Un écho particulier alors que l'Assemblée adopte la loi renseignement. Une nouvelle révélée dans un timing opportun, puisque l'Assemblée nationale doit adopter définitivement la loi renseignement française lors d'un vote mercredi. L'occasion pour Edwy Plenel de rappeler que ce scandale de la NSA "interroge la France sur elle-même, car au même moment, la France voudrait faire la même chose".
La surveillance de masse française pourrait être sous-traitée aux Etats-Unis.

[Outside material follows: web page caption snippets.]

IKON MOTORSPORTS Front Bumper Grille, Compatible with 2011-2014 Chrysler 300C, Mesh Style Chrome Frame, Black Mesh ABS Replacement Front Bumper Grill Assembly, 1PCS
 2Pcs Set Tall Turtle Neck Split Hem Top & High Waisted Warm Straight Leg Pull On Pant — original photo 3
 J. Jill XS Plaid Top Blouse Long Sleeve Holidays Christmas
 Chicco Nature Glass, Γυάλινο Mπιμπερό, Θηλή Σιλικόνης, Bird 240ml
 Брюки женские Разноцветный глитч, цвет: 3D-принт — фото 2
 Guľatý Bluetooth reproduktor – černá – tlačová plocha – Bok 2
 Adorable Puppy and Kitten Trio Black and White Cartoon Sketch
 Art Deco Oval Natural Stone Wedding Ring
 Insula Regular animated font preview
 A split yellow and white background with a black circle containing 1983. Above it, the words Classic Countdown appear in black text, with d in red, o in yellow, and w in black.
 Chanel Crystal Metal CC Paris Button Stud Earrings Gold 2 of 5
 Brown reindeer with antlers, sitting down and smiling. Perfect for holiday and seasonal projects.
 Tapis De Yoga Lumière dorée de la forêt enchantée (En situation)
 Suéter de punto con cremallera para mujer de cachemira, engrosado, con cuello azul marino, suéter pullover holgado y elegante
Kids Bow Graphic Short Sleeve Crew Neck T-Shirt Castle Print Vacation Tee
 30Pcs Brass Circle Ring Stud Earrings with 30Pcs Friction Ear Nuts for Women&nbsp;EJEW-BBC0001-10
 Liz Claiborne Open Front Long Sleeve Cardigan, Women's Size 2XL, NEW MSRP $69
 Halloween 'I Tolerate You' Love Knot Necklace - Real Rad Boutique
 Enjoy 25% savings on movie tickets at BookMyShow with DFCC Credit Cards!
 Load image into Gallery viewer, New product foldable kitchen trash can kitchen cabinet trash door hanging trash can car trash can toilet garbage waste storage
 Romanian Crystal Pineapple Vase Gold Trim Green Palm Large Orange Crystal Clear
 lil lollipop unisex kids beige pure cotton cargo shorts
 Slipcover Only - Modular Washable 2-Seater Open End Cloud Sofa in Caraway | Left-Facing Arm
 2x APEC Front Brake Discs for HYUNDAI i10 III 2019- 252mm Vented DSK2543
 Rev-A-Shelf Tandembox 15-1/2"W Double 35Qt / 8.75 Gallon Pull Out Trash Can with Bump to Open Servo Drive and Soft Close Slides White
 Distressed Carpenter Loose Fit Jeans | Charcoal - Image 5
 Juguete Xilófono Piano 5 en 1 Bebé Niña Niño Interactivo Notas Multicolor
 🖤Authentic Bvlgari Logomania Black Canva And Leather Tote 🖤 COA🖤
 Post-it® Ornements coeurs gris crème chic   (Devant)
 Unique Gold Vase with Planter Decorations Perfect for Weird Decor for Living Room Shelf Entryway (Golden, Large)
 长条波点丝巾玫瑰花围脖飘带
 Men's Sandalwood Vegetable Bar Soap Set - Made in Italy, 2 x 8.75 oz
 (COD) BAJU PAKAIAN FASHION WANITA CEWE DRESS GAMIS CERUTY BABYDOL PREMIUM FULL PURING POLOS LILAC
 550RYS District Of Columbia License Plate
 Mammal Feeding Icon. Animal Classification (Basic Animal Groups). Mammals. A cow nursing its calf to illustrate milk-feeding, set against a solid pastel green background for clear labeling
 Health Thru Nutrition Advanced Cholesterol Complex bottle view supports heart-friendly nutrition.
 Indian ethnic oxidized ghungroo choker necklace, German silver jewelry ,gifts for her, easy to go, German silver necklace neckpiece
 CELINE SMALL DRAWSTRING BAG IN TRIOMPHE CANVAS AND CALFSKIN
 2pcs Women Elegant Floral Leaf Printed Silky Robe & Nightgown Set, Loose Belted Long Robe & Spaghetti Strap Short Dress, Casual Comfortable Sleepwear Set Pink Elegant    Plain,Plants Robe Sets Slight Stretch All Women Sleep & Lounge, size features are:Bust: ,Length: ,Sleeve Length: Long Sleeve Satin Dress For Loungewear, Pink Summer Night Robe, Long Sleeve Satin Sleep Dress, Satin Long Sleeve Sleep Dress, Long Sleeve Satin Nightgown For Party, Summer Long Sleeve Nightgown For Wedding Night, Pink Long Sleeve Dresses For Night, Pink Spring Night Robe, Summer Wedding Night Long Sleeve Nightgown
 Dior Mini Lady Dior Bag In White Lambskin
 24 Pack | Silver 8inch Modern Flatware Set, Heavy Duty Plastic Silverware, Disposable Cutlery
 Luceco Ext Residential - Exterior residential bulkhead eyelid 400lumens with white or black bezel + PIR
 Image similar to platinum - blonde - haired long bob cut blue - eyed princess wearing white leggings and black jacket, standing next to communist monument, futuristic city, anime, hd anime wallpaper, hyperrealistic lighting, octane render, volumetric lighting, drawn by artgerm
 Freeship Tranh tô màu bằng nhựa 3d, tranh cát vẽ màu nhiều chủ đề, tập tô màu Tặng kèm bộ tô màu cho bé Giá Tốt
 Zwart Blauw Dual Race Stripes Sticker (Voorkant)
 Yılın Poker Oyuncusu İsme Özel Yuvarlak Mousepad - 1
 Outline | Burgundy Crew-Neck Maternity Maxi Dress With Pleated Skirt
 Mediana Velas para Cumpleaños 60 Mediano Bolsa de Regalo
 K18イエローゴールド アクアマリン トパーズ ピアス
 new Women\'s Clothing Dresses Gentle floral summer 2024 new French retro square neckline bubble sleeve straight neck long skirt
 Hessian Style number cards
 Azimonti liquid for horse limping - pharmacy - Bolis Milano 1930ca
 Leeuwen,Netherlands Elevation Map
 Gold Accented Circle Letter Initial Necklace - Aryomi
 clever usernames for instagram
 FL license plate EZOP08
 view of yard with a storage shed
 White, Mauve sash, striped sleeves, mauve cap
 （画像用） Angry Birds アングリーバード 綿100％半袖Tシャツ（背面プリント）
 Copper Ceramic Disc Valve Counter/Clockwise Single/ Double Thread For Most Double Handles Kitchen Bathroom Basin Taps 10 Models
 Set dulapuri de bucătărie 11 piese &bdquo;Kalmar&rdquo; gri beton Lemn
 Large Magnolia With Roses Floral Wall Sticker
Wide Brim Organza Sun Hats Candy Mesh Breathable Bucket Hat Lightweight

Or, poursuit le journaliste de Mediapart, "ce n'est pas parce que les Etats-Unis développent des pratiques illégales au regard du droit international que nous devrions suivre le mauvais exemple, nous devrions plutôt défendre un autre modèle de démocratie." D'autant que son confrère Johan Hufnagel explique que les Français "vont devoir sous-traiter" leur travail de surveillance... aux Américains. Si la crise diplomatique est bel et bien là, pas sûr que François Hollande ait la marge de manœuvre suffisante pour discuter sans retenue avec Washington.